A investigação foi instaurada após manifestantes defenderem a volta da ditadura militar e intervenção das Forças Armadas durante as comemorações pelo Dia do Exército em Brasília e diversas cidades do país. Houve atos em São Paulo, Rio de Janeiro e Santa Catarina, entre outros estados. O presidente Jair Bolsonaro participou das comemorações, mas não endossou a tese dos manifestantes.

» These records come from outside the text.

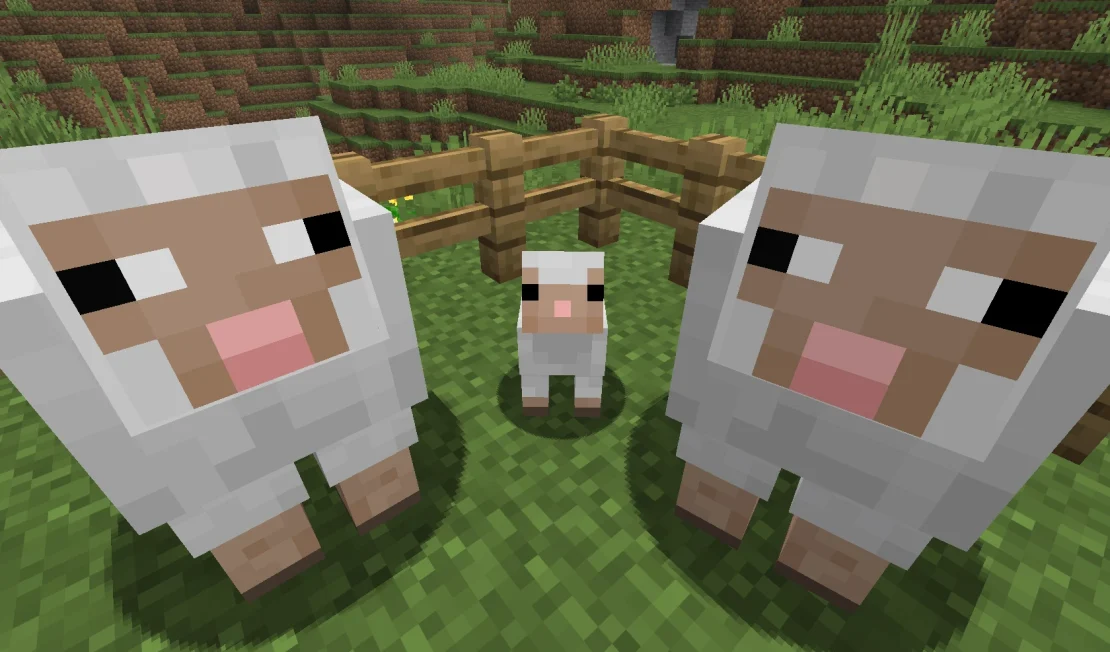 baby sheep minecraft
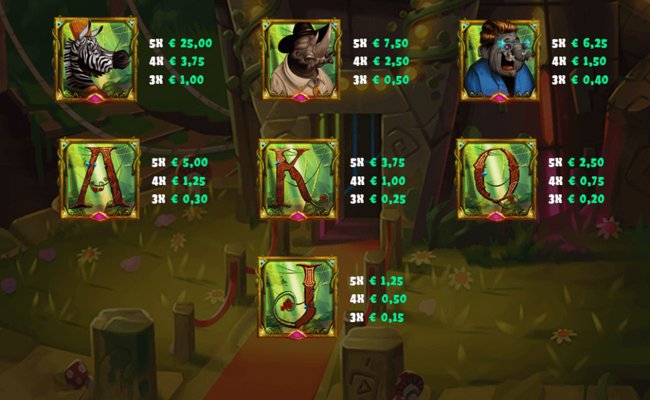 fancy jungle paytable2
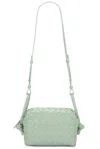 Bottega Veneta Green Small Loop Camera Bag In New Sauge & Muse Brass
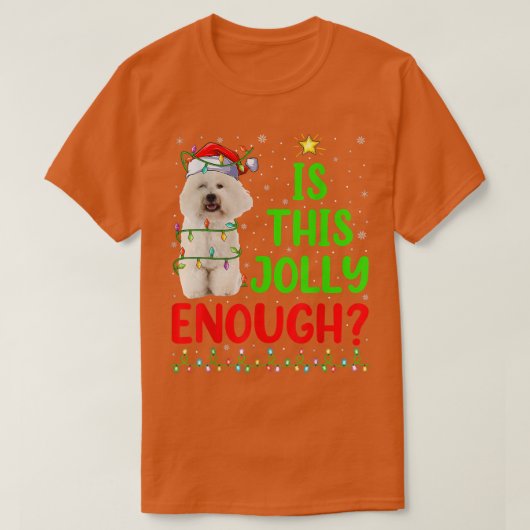 De grappige kerstboom is deze grove Bichon-opkomst T-shirt (Design voorkant)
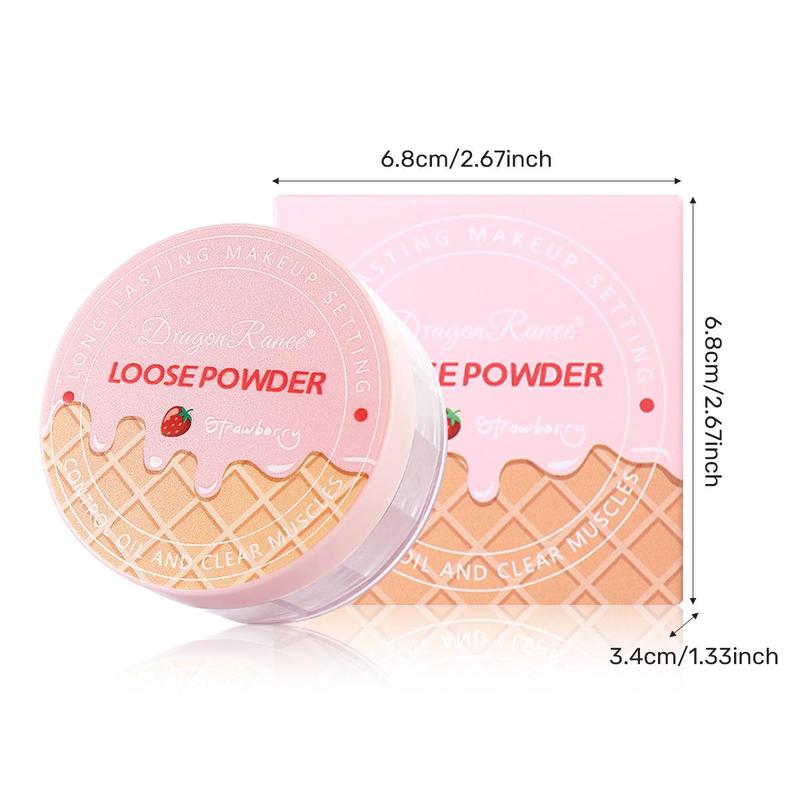 Multi-color Loose Powder Palette, 4 Counts set Long Lasting Matte Powder, Oil Control Makeup Setting Powder, Face Makeup Accessories for Women & Girls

Ele não é investigado no inquérito.
Em pouco mais de cinco meses, os investigadores da Polícia Federal ouviram em torno de 30 pessoas, levantaram documentos, determinaram a quebra de sigilo bancário e telemático de deputados federais e de influenciadores digitais alinhados ao governo federal.

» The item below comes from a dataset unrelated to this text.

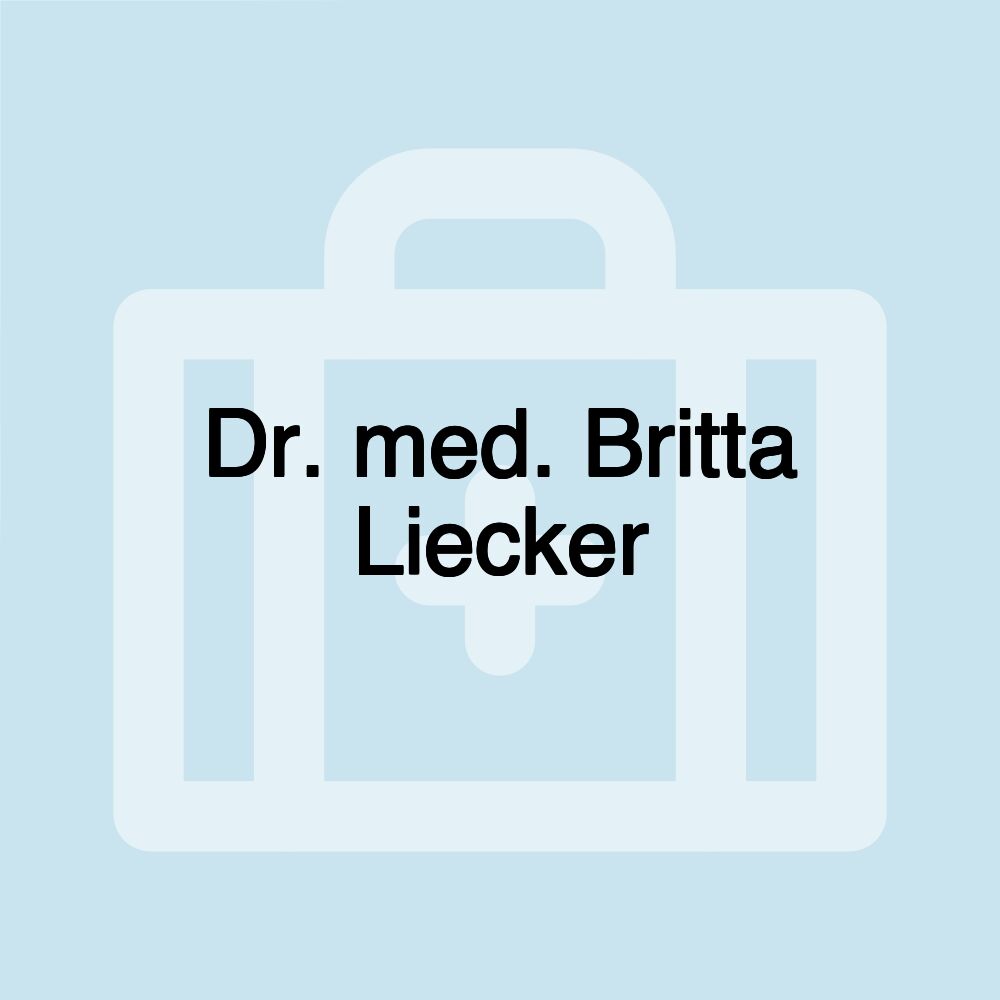 Dr. med. Britta Liecker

O inquérito apura a existência de uma rede coordenada entre militantes, políticos, empresários e influenciadores digitais responsável por defender ideias como o fechamento do Congresso Nacional e do STF. Além disso, há a suspeita de que integrantes desse grupo tenha lucrado com a promoção desses atos antidemocráticos e que dinheiro da Câmara dos Deputados foi utilizado para financiar a divulgação dos protestos.
Segundo a principal linha de investigação desencadeada pela PF e PGR, essa rede tida como “antidemocrática” podia ser subdividida em quatro núcleos: os organizadores e movimentos; os influenciadores digitais e hashtags; monetização e conexão com parlamentares.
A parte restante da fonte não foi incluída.